Guidelines are important as new drugs come to the market, because policies will change and access to treatment will be improved.
No one knows the burden of disease in Uganda for Kala azar. All the scientists know is that it is endemic to Amudat district in Uganda and increasingly people from other districts like Kotido, Moroto, Katakwi, Napak and Nakapiripirit all in the Karamajong region are presenting with it.
So maybe there are increasing cases but no one knows or they are not concerned! Indeed Kala azar is a neglected disease.
“We have not mapped so we do not know the extent of the disease in the country but more people from other districts are presenting with it,” said Dr. Thomson Lakwo, assistant commissioner, the national Entomologist for Onchocerciasis Control programme, NTD progarmme, Ministry of Health.
Scientists working on neglected tropical diseases at the ministry of health in Uganda said the increased cases could be de to increased awareness because many cases were not reported previously.
At Amudat Hospital, the only place where kala azar is treated in Uganda, they register 12-15 cases per month. Kala azar patients present with symptoms of irregular bouts of high fever, weight loss, swelling of the spleen and liver, a swollen abdomen and anaemia.
Prof Joseph Olobo a lecturer at the Immunology Department, College of Health Sciences, Makerere University, said they are training more health workers to treat the disease. He said kala azar is treatable but fatal if left untreated. Amudat has first class facilities.
70 percent of patients sick of kala azar are children and it affects more men than women because they spend more time outside looking after animals.
It is spread by the female sand flies that bite an infected person and spread the disease. So it can be easily eliminated with treatment if all the affected population is treated because the female sand flies will not be able to spread it. The vector will remain but with nothing to inject to its hosts around.
Unlike malaria, which cannot be eliminated with drug prophylaxis, because the vector has many species and the malaria parasite survives in many conditions, scientists think because the sand fly is confined to arid and semi arid areas, the people in that region can be given treatment and it can be eliminated. They also think a vaccine can be developed.
But alas, private pharmaceutical companies lack interest in producing new drugs for patients suffering from neglected diseases since they cannot recuperate their investments in drug development.
Costs of treating an adult patient is about 60 Euros and half of that for children and fortunately, patients once treated do not relapse. The drugs provided for free by the International Dispensing Association (IDA) and through the Drugs for Neglected Diseases initiative (DNDi).
Being a neglected disease there is hardly research for new treatments or they are not prioritized, so they are unavailable, inaccessible, and unaffordable. Currently, the treatment is only by injections and toxic.
But Dr. Monique Wasunna, the director, Drugs for Neglected Diseases initiative (DNDi) Africa regional office says they are hoping for less invasive tests for kala azar and the use of oral medication.
Action has been taken and in 2013, Ethiopia, Kenya, Sudan and Uganda partnered to create the Leishmaniasis East Africa Platform (LEAP), with a mandate to research new treatment options for kala azar and support their access.

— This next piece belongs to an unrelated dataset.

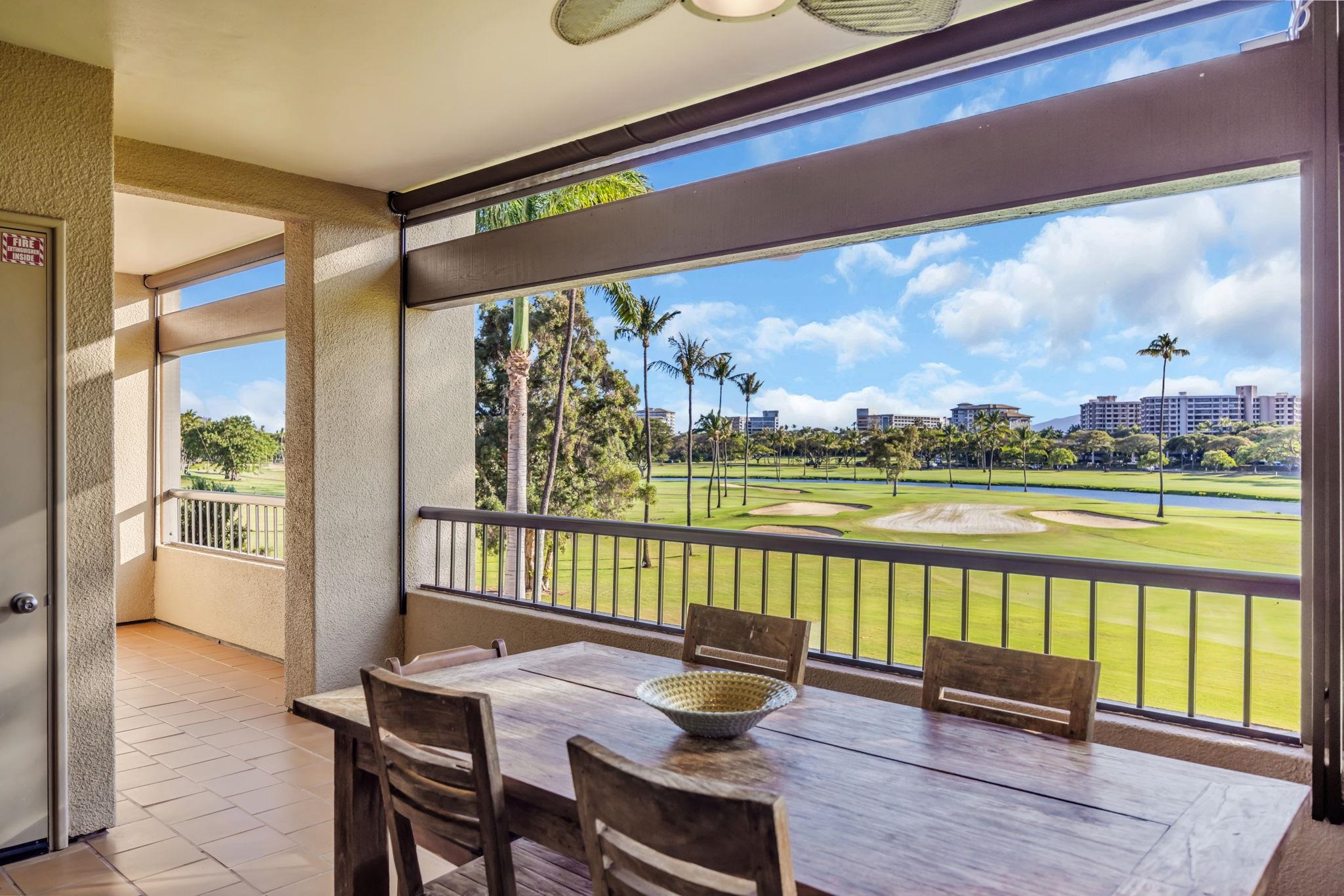 Kaanapali Royal condo # C202, Lahaina, Hawaii - photo 12 of 49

In 2010, in its first landmark study, LEAP together with DNDi delivered sodium stibogluconate and paromomycin combination therapy for Eastern Africa, which was over 91 percent effective in treating the disease.
The therapy is recommended by the WHO as a first-line treatment for kala azar in Eastern Africa.

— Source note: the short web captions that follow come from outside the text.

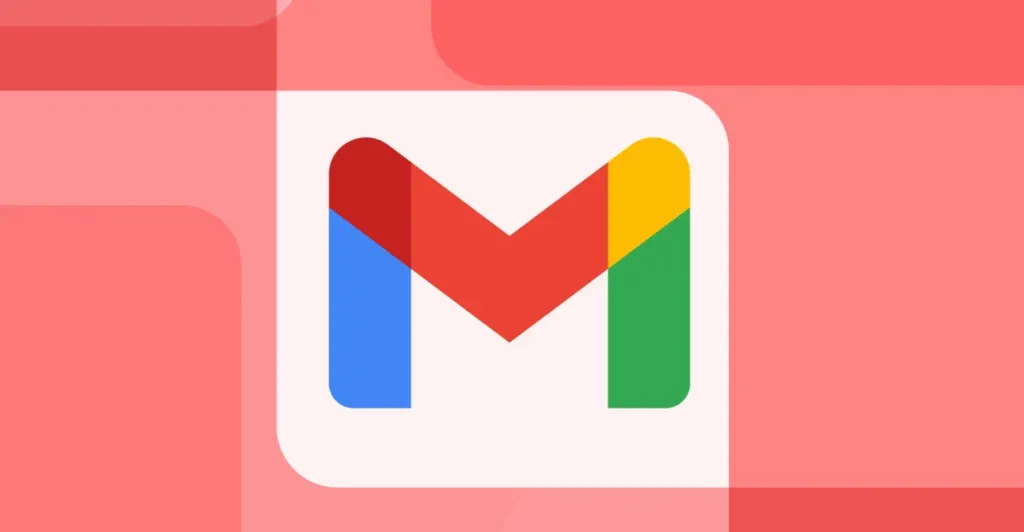 Google cáfolja a Gmail AI tréning pletykákat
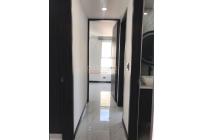 Apartamentos, Alquiler, Ciudad Bochalema - $1.600.000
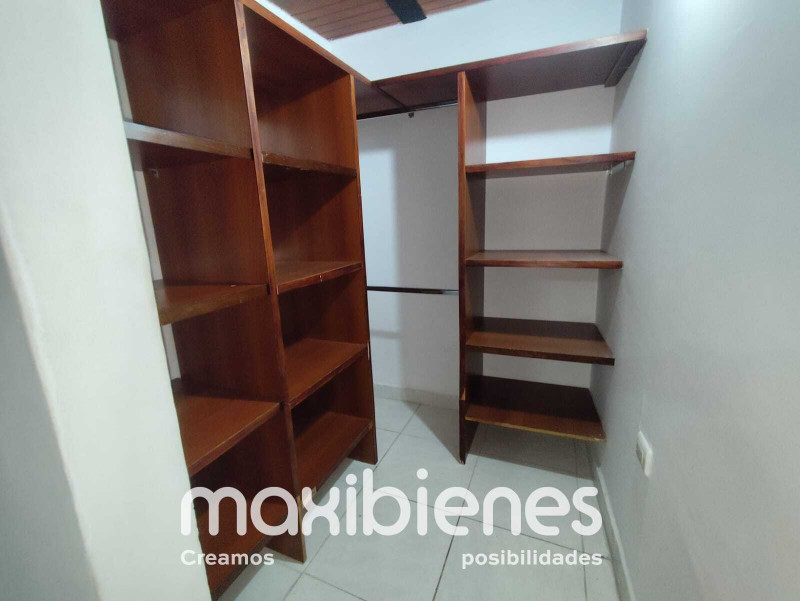 Fotos del inmueble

“The most significant achievement from the study is that the therapy is cheaper and has nearly halved the length of treatment from the previous 30 days to 17 days,” said Dr. Wasunna.
She said the development of the new therapy was a milestone since it came after 70 years of little or no improvement and change in kala azar treatment in Africa.
I hope the Uganda national guidelines for kala azar are developed after this meeting.